MN: O debate sobre a desmilitarização da polícia e a aprovação da PEC 51 está evidente nas ruas. Como você vê isso?
Thiago: Eu to numa luta antes da desmilitarização que é contra a redução da maioridade penal. A gente não pode achar que reduzir a maioridade penal é a solução dos problemas. Pode ser que seja a solução dos problemas da burguesia, mas não da periferia. Eu tô nessa luta com o Círculo Palmarino, junto com o Douglas Belcchior, com o Comitê Contra o Extermínio da juventude negra e pobre para barrar qualquer tipo de ideia que levante essa pauta da maioridade penal. Hoje a gente vem trazendo cultura, sarau pra escolas e isso sim vai fazer com que a gente não pense na redução da maioridade penal, essa é minha luta inicial.
A desmilitarização é importante sim, mas a gente tem que fortalecer a nossa segurança comunitária, a nossa segurança popular. Isso é super importante para as quebradas. Hoje, infelizmente, o comerciante não acredita que sua comunidade possa se vigiar, possa se cuidar, então é isso, é uma questão ainda muito complicada.
Ao mesmo tempo a desmilitarização é muito complicada porque estamos falando de São Paulo, um estado que não saiu da ditadura, que tem policiais com bancada na câmara dos vereadores, com os encapuzados matando pra cima e pra baixo nas periferias. Agora o Capitão Telhada soltou um gibi, uma revista que tem ele como Herói. Antes de discutir a desmilitarização a gente tem que desmilitarizar o poder e o poder tá militarizado.
A gente vive na nossa comunidade um encarceramento em massa e isso é uma coisa que ao mesmo tempo nos deixa triste, mas nos faz muito mais lutadores.
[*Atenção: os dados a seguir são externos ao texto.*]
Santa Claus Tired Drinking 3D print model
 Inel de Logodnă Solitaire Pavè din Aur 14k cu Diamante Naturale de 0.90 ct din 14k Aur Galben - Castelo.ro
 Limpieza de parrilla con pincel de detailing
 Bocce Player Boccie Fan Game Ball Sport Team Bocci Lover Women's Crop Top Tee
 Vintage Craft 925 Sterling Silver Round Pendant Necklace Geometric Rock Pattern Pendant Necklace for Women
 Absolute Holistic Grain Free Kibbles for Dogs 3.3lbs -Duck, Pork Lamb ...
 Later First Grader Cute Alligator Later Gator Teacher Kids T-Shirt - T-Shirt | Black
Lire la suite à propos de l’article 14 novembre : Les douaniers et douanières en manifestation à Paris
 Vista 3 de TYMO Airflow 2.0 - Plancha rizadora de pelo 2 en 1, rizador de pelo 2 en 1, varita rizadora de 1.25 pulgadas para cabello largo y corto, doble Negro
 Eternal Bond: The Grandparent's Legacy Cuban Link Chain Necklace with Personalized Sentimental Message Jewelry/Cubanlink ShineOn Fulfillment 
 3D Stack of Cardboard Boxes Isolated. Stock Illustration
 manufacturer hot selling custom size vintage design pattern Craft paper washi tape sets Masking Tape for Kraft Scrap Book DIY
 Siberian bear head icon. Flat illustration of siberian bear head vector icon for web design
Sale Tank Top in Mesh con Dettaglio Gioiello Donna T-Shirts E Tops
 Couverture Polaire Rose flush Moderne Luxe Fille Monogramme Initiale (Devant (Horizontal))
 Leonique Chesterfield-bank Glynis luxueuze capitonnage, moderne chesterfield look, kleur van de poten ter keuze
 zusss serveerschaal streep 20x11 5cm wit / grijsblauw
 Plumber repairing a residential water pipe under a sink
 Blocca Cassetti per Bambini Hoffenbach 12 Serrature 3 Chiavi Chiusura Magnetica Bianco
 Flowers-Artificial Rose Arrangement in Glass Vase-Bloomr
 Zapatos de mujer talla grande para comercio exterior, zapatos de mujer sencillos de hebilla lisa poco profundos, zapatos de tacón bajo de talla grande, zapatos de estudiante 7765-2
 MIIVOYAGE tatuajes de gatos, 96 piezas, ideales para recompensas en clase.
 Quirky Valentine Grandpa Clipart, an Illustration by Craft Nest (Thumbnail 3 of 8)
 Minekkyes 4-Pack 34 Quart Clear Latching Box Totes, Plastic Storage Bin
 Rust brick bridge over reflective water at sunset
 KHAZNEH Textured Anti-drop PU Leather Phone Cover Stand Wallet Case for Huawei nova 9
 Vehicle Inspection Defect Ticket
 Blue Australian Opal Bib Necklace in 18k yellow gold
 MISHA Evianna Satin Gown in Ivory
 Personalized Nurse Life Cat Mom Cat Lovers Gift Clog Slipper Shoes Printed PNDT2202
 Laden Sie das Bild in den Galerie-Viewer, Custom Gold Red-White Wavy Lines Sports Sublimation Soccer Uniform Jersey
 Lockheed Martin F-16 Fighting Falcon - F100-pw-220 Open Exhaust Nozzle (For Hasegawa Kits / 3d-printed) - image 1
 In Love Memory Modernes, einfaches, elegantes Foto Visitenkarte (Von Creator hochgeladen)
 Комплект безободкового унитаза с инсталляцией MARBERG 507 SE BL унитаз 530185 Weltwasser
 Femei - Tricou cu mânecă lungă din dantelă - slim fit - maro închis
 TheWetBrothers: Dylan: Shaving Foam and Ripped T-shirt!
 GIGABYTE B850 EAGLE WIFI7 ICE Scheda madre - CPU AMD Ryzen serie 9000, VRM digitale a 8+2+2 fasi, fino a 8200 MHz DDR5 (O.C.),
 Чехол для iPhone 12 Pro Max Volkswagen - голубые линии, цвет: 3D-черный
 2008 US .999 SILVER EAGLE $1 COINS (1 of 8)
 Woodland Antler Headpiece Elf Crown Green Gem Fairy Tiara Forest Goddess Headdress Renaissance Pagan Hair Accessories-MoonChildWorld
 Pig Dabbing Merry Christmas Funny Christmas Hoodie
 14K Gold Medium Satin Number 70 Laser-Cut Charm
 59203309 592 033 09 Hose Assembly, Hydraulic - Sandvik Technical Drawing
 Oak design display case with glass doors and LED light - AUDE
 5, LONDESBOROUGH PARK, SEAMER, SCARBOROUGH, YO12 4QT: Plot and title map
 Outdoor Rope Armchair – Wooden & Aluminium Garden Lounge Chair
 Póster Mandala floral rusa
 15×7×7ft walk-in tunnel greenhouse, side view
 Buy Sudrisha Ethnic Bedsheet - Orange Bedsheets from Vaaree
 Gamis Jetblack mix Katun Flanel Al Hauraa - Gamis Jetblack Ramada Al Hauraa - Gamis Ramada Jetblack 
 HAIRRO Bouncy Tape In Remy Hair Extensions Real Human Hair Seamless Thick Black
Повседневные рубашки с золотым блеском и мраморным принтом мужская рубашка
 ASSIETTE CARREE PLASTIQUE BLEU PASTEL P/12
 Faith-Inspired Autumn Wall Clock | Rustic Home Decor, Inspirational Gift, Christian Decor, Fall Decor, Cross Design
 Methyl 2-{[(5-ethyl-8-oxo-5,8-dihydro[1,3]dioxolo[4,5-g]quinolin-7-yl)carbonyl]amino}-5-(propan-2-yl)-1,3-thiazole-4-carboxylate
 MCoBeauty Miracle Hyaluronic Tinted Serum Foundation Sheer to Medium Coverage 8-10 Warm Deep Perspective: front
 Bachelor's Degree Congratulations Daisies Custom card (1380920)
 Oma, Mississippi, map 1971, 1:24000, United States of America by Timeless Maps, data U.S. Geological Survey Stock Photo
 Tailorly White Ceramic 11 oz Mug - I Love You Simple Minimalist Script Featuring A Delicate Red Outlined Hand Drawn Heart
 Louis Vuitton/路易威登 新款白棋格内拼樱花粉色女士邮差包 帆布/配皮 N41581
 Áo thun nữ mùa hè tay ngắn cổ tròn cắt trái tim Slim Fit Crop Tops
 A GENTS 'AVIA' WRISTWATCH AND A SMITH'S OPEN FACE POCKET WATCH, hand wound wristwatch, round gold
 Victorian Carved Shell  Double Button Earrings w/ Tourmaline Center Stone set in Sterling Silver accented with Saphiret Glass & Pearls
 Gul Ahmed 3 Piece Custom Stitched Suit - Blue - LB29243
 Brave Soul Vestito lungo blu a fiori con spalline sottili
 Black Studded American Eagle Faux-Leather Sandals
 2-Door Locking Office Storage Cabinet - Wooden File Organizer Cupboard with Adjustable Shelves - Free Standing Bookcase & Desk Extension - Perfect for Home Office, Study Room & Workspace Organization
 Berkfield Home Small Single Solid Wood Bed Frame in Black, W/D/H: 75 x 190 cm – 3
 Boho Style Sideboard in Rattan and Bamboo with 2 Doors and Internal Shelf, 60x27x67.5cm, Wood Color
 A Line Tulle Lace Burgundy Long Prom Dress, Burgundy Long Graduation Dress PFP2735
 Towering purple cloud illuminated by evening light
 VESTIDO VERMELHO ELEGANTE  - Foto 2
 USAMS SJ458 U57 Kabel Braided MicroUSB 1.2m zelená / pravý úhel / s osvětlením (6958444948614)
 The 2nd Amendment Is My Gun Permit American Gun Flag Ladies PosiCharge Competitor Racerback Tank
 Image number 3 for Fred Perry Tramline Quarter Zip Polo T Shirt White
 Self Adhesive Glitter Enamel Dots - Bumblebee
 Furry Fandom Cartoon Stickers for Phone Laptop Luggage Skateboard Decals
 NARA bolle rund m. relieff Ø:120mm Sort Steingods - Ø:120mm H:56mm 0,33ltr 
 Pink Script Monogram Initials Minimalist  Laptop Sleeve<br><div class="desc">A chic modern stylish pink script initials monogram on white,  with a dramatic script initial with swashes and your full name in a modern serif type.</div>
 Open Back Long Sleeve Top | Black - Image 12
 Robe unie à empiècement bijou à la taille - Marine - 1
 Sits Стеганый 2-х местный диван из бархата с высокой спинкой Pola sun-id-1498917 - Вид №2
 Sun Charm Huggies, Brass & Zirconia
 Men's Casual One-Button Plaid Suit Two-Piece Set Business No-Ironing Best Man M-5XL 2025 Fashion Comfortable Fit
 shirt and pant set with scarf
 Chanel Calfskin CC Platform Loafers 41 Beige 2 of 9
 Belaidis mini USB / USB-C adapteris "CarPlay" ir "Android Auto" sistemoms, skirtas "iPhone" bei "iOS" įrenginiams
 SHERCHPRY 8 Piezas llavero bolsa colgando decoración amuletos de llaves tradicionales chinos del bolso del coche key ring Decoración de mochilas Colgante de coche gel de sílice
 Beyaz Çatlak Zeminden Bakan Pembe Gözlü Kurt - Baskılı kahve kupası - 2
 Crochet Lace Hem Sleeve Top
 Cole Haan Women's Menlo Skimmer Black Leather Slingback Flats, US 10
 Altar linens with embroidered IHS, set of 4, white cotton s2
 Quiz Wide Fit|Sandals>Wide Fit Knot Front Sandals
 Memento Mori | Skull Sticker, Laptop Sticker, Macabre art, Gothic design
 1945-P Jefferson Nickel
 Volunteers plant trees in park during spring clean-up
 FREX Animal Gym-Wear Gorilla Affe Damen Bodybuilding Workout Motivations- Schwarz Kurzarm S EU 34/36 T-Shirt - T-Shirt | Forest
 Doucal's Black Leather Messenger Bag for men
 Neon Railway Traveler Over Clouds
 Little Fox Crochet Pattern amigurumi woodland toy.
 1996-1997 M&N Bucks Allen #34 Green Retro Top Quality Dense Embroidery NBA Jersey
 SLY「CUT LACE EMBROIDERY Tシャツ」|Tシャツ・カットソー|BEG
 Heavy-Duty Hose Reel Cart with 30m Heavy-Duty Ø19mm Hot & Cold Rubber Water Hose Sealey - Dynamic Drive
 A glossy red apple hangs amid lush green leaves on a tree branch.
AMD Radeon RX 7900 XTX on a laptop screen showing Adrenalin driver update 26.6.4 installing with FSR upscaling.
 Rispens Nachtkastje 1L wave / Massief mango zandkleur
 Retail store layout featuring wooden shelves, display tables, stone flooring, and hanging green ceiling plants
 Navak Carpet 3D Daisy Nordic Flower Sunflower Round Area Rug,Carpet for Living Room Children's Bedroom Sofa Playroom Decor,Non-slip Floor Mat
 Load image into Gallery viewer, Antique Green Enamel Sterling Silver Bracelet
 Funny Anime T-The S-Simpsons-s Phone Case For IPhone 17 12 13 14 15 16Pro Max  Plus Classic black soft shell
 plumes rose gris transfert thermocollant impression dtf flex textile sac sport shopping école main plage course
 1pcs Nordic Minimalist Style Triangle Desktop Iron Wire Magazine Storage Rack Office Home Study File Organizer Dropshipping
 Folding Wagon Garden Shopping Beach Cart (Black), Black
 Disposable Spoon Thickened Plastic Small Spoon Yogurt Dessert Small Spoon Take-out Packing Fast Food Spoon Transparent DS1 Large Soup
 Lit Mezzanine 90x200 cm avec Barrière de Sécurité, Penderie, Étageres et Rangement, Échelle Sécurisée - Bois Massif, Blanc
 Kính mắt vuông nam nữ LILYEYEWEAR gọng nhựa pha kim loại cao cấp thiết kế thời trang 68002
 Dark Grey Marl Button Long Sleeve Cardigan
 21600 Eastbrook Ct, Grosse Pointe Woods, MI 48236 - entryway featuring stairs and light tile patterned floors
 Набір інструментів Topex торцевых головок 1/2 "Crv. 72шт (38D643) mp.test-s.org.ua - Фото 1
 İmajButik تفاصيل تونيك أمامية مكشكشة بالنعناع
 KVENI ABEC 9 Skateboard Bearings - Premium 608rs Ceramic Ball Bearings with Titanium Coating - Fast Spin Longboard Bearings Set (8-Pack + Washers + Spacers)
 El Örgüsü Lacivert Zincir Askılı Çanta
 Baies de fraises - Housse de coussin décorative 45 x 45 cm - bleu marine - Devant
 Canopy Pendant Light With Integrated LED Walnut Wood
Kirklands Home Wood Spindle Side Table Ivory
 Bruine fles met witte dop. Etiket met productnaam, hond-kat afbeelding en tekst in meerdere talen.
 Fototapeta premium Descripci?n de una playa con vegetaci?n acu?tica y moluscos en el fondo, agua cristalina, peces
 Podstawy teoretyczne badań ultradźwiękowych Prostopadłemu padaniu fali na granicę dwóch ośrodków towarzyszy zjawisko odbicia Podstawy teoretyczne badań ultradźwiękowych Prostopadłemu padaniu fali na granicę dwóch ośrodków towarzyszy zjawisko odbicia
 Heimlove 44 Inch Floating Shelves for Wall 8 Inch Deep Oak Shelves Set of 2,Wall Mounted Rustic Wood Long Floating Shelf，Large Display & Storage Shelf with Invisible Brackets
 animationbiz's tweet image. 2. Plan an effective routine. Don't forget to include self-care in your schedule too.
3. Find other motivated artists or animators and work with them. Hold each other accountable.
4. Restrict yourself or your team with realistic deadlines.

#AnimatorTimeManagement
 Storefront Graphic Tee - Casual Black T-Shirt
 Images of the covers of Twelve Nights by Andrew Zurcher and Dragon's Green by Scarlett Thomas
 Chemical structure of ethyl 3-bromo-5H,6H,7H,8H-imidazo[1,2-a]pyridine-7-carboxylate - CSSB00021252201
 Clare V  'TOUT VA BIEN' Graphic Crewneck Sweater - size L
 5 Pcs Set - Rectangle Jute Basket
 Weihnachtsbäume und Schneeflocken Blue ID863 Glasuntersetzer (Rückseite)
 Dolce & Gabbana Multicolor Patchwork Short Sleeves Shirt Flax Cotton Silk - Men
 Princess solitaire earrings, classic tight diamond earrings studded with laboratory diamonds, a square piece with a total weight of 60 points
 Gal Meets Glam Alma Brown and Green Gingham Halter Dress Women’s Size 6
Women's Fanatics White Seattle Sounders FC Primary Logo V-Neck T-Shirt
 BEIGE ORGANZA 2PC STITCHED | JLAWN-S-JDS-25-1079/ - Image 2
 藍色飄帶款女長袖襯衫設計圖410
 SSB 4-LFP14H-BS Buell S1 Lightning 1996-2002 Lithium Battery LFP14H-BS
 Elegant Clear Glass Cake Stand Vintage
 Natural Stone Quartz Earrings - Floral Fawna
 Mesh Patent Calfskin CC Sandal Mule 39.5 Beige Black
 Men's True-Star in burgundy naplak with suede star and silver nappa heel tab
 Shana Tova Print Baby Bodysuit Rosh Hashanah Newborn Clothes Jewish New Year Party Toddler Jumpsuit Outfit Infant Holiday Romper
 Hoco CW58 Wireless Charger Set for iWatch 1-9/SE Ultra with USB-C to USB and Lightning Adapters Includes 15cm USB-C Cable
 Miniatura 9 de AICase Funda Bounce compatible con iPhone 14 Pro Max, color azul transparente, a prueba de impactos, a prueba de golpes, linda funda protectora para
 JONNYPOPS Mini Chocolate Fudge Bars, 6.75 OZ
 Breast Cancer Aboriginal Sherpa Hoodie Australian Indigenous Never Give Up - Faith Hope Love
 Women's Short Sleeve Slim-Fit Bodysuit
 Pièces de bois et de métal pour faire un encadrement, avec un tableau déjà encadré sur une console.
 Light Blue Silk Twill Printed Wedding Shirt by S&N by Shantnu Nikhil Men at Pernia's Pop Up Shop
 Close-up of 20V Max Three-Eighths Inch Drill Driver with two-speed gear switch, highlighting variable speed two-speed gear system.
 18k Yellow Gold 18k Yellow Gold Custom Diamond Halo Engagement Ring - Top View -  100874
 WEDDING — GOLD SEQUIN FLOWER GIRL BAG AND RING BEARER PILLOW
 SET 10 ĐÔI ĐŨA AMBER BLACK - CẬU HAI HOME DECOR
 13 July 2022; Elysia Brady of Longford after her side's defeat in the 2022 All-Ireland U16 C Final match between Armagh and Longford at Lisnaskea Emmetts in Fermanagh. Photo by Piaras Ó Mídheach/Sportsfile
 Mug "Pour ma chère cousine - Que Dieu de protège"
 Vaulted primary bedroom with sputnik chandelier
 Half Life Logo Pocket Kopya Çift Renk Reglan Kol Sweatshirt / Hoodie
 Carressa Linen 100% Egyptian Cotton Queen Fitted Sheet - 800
Hoje no Brasil você ser preso, cometer um crime, é pra sua vida toda, é uma mancha, uma tatuagem que vai ta no seu corpo e que não vai sair nunca mais. Quando você leva um enquadro na rua, a primeira coisa que o policial vai perguntar é se você já tem passagem, mesmo se você já cumpriu sua pena você vai ser extorquido, vai ser torturado. 
É como um defeito social, então é uma coisa que já ceifa na nossa juventude a oportunidade desse jovem conseguir agregar valores na sua vida. Estudar, pensar na questão cultural, fazer os corres que tem que fazer, a gente vive isso de perto e vê nossos primos sendo presos, nossos irmãos sendo presos e a nossa família morrendo. Não basta prender, tem que matar, é o que acontece.
Os jovens não tão tendo nem a oportunidade de ser presos, estão morrendo no caminho.